« 10 Tips for Doing Link Development Research | Main | Why .edu Link Acquisition “Services” Don’t Last Long »
Error in Google's robots.txt Docs
October 20, 2008
Update: This was fixed rapidly; see Riona's comment.
I don't want to get too deep into the complexities of robots.txt parsing (if you want that, try this, this or this), but I found something odd at the bottom of this page, one of Google Webmaster Help's many pages on robots.txt.
The page says:
URLs are case-sensitive. For instance, Disallow: /private_file.asp would block http://www.example.com/junk_file.asp, but would allow http://www.example.com/Junk_file1.asp.
Here's a picture just so you trust me:

This is wrong in a lot of different ways. Let's look at them with my comments following in bold.
URLs are case-sensitive.So far, so good.
For instance, Disallow: /private_file.asp would block http://www.example.com/junk_file.aspIt would? How?
..., but would allow http://www.example.com/Junk_file1.asp.
I suppose Disallow: /private_file.asp would allow /Junk_file1.asp, but not because of capitalization style. It's because /Junk_file1.asp has nothing to do with the excluded file, /private_file.asp
So what did they mean? If they're anything like me, this was a paragraph started, edited a few times, and never really finished. It appears to try to cover a variety of the issues covered on the page, including cap style, pattern matching, and wildcard characters. Here are a couple alternatives I'd suggest:
URLs are case-sensitive. For instance, Disallow: /private_file.asp would block http://www.example.com/private_file.asp, but would allow http://www.example.com/Private_file.asp.
or, to continue along the pattern-matching theme also discussed on the page, this would work:
URLs are case-sensitive. For instance, Disallow: /private_file*.asp would block http://www.example.com/private_file.asp, but would also block http://www.example.com/private_file1.asp. It would not, however, block /Private_file1.asp.
This is a pretty minor detail at the bottom of an esoteric page, but if you're looking for specific information on cap style and robots.txt, it could cause some head-scratching.
All posts by Erik Dafforn
posted by Erik Dafforn at October 20, 2008 07:30 AM
Intrapromote: [ Case studies | SEO services | Bios ]
Trackback Pings
To TrackBack this entry, use the following URL:
http://seoblog.intrapromote.com/mt-tb.cgi/581
Comments
Good catch! Sad that the help docs on Google seem to be lacking in the care that they desperately need. Maybe a bit of feedback will get their behinds in gear...

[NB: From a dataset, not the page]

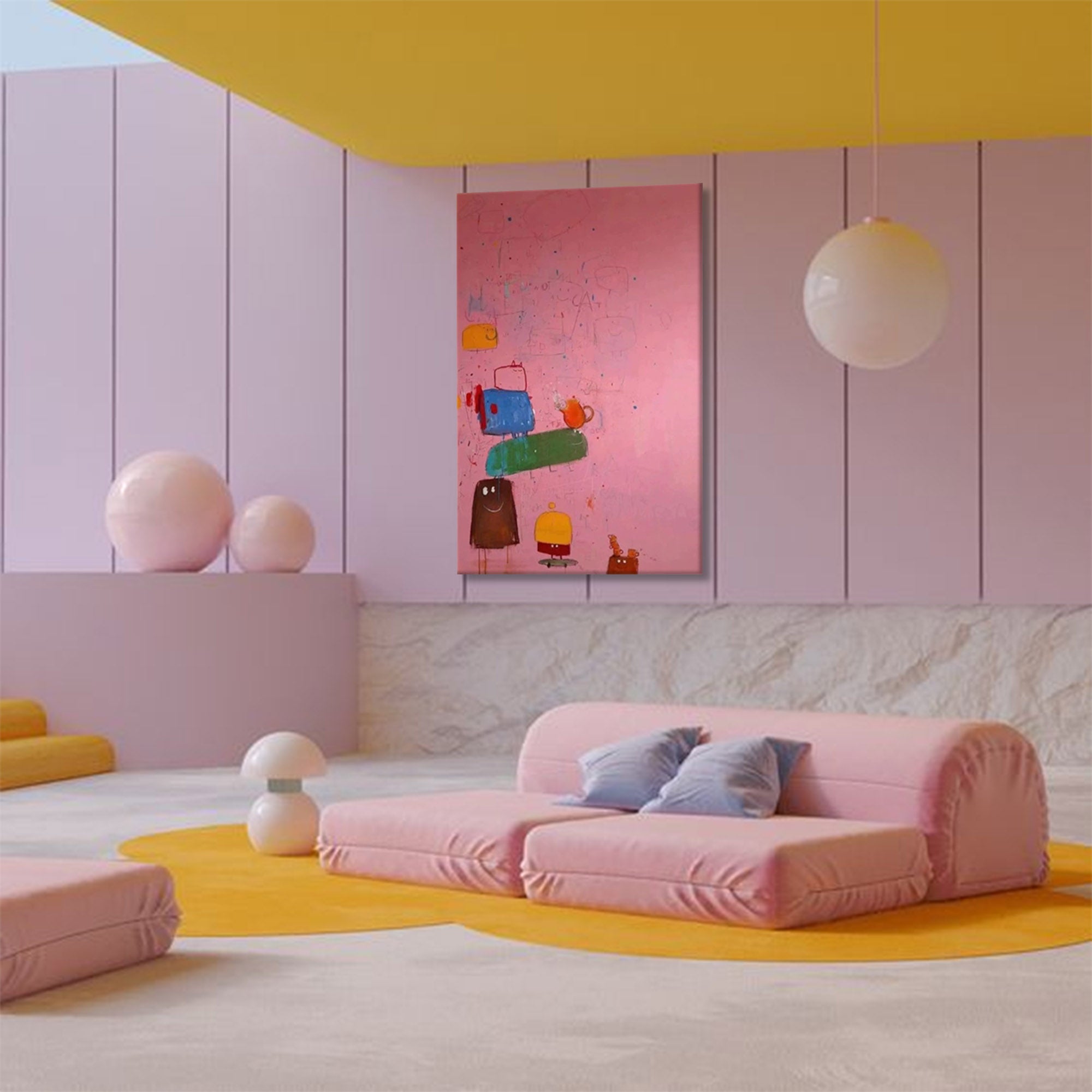 Wallart Playful Stacked Characters Pink Abstract Canvas Art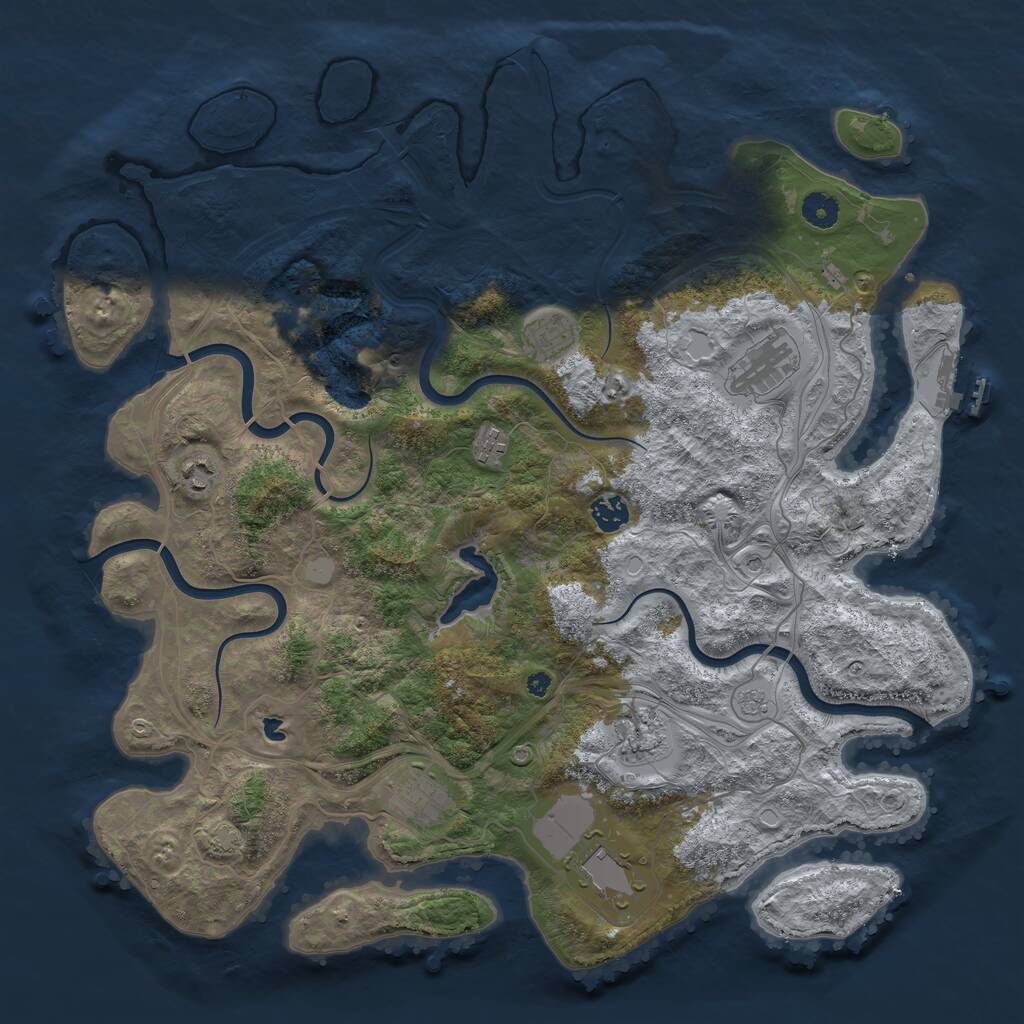 Rust Map: Procedural Map, Size: 4250, Seed: 27534, 13 Monuments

Posted by: David Millar at October 20, 2008 10:01 AM
Thanks for the note Dave; I try to balance my desire for accuracy with the knowledge that they don't really owe anyone any sort of documentation. In general, I think they're very good at communication; finds like this are pretty rare.
Posted by: Erik at October 20, 2008 12:23 PM
Hey Erik,
Seems like something indeed went a bit awry here, and thanks very much for the heads-up!
Do note, though, that we typically can't update pages immediately; due to our interests in keeping documents in sync across the dozens of languages we support and that sort of thing, we tend to update our docs in batches.
But I'll point this out to our Webmaster Help folks right away and trust that they'll patch things up as soon as they can.
Thanks again for the note.
Posted by: Adam Lasnik at October 20, 2008 02:02 PM
Hi Erik! I write the content for the Webmaster Tools Help Center. Thanks for pointing this out! I've updated the page and you should be able to see the changes now.
Best wishes
Posted by: Riona at October 20, 2008 07:25 PM
I understand what they're triyng to say however, they should really finish their documents and pages before putting them online.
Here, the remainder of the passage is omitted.